Review: Richmond Symphony

Steven Smith conducting
Nov. 13, Carpenter Theatre, Richmond CenterStage

This month’s Richmond Symphony Masterworks concerts feature the last in a series of introductory performances of "Jefferson, In His Own Words" by Judith Shatin, a University of Virginia professor whose office overlooks the lawn and Rotunda designed by Thomas Jefferson. This 20-minute work is for orchestra with narrator, suggesting several similarities with Aaron Copland’s

"A Lincoln Portrait.”

In fact, it’s a very different kind of piece. The Jefferson texts selected by Shatin are not the great man’s greatest words, but passages from his letters and diaries, some intimate, some mundane (at least on the surface). More importantly, Shatin, unlike Copland, thoroughly integrates words and music.

In the work’s performances to date, the narrator has been a public speaker: the television journalist Bill Kurtis in the Illinois Symphony’s premiere last March, former Virginia Governor Gerald Baliles in subsequent performances by the Charlottesville and University Symphony Orchestra and again in these Richmond Symphony concerts. (They and the Virginia Symphony of Hampton Roads commissioned the work; it is dedicated to Gerald Morgan, a longtime patron of Richmond’s musicians.)

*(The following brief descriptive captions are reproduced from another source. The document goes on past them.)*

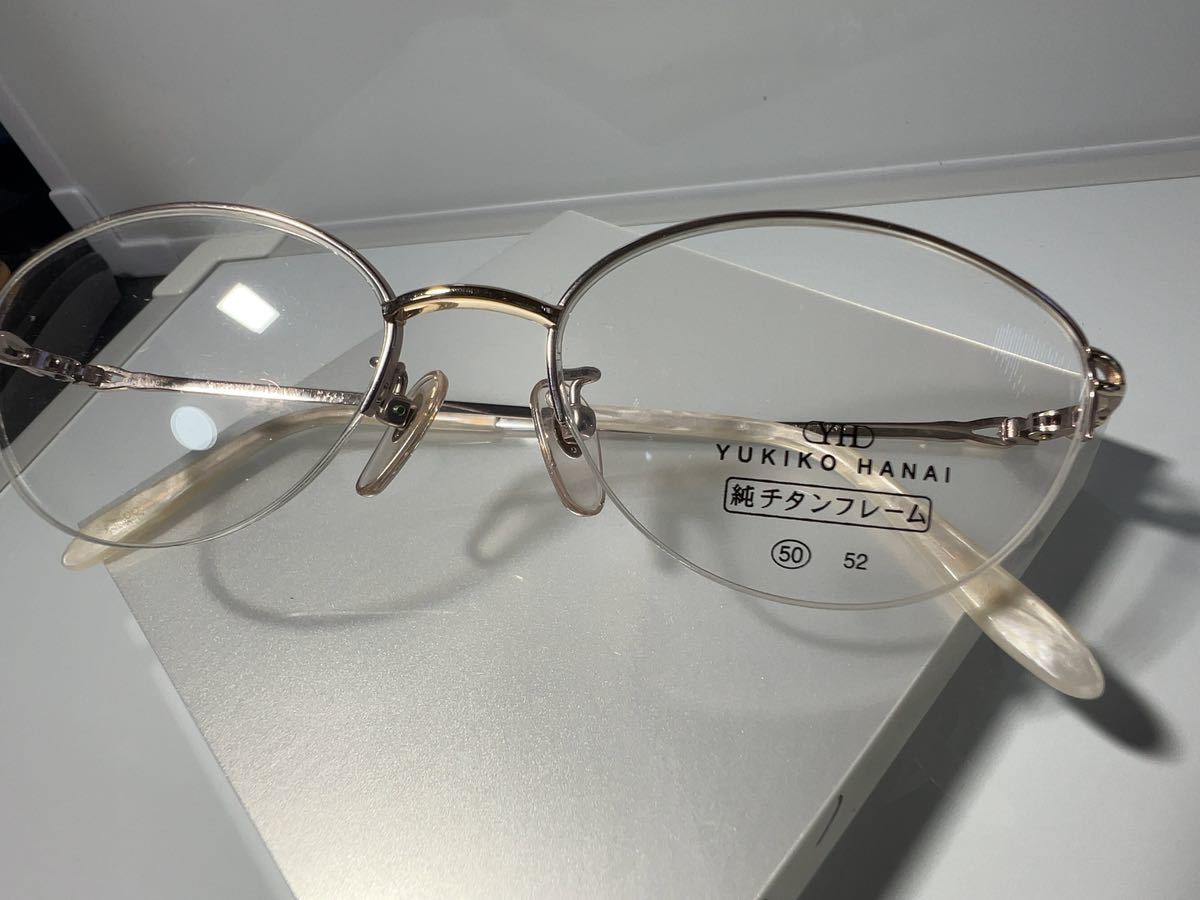 「メガネ店閉店処分品」YUKIKO HANAI 高級メガネフレーム　KSMM-004_画像9
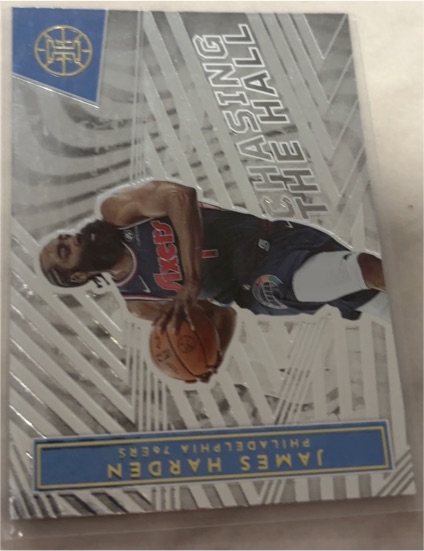 2021-22 Panini Illusions #9 James Harden Chasing the Hall Philadelphia 76ers — front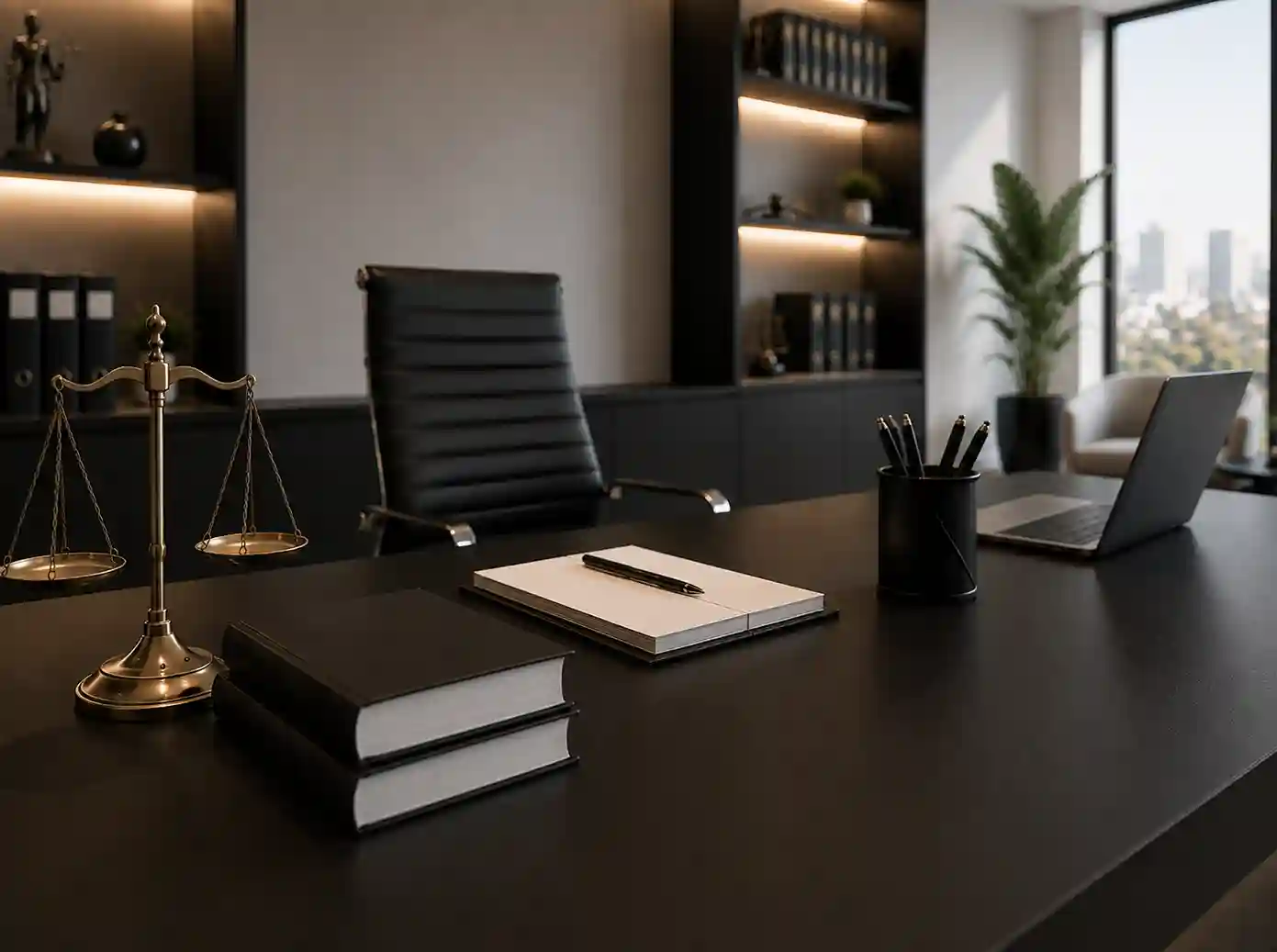 Instalaciones y biblioteca jurídica de AMBA Abogados en Zona Tribunales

Baliles speaks with the Virginia cadence, in an accent we might imagine to be not unlike Jefferson’s. This score’s treatment of its texts, however, sounds to need a narrator with expertise in speech-song (Sprechstimme, in the parlance), able to use rhythm and inflection to connect fragmented phrases to the music around them. With a "straight" reader, words and music seem to interrupt rather than amplify each other.

Shatin’s large-scale, impressionistically colorful orchestration evokes misty Blue Ridge vistas in its quieter and more contemplative moments, but more often enlarges, with some turbulence, on the text’s suggestions of Jefferson’s inner emotional life. The portrait that Shatin paints is far from the usual picture of an enigmatic and cerebral man.

This performance by conductor Steven Smith and the Richmond Symphony played up the color and drama of Shatin’s score. Baliles’ straightforward reading inevitably sounded monochromatic in contrast.

In this program, the Shatin follows Copand’s "Fanfare for the Common Man," a sonorous and punchy exercise for the symphony’s brass and percussion musicians, and in turn is followed by two rarely heard romantic scores, Camille Saint-Saëns’ Cello Concerto No. 2 in D minor and Antonin Dvořák’s Symphony No. 6 in D major.

Neal Cary, the symphony’s principal cellist, played the Saint-Saëns with robust tone and high-romantic phrasing, to especially lyrical and loving effect in the andante sostenuto section concluding the concerto’s first movement. Cary, Smith and the orchestra nicely balanced the concerto’s romantic spirit and its almost Beethovenian classicism, rarely so neatly distilled.

Dvořák’s Sixth is the least played of his mature symphonies, probably because its treatment of classical structure tends toward the discursive. In its classicism and its warm string and brass tones, this is the most Brahmsian of the Dvořák symphonies; but in its tunes and rhythms, it is unmistakably Dvořák and idiomatically Czech. (Its scherzo may be the greatest of the composer’s Slavonic dances.)

Smith crafted a tonally luxuriant interpretation, with a gratifying balance of tautness and fluidity in its rhythms, deep lyricism in its adagio movement, energy and portent in its first movement and finale, and plenty of breathing room for solos, notably those of oboist Gustav Highstein, piccolo player Ann Choomack and French horn player Robert Johnson.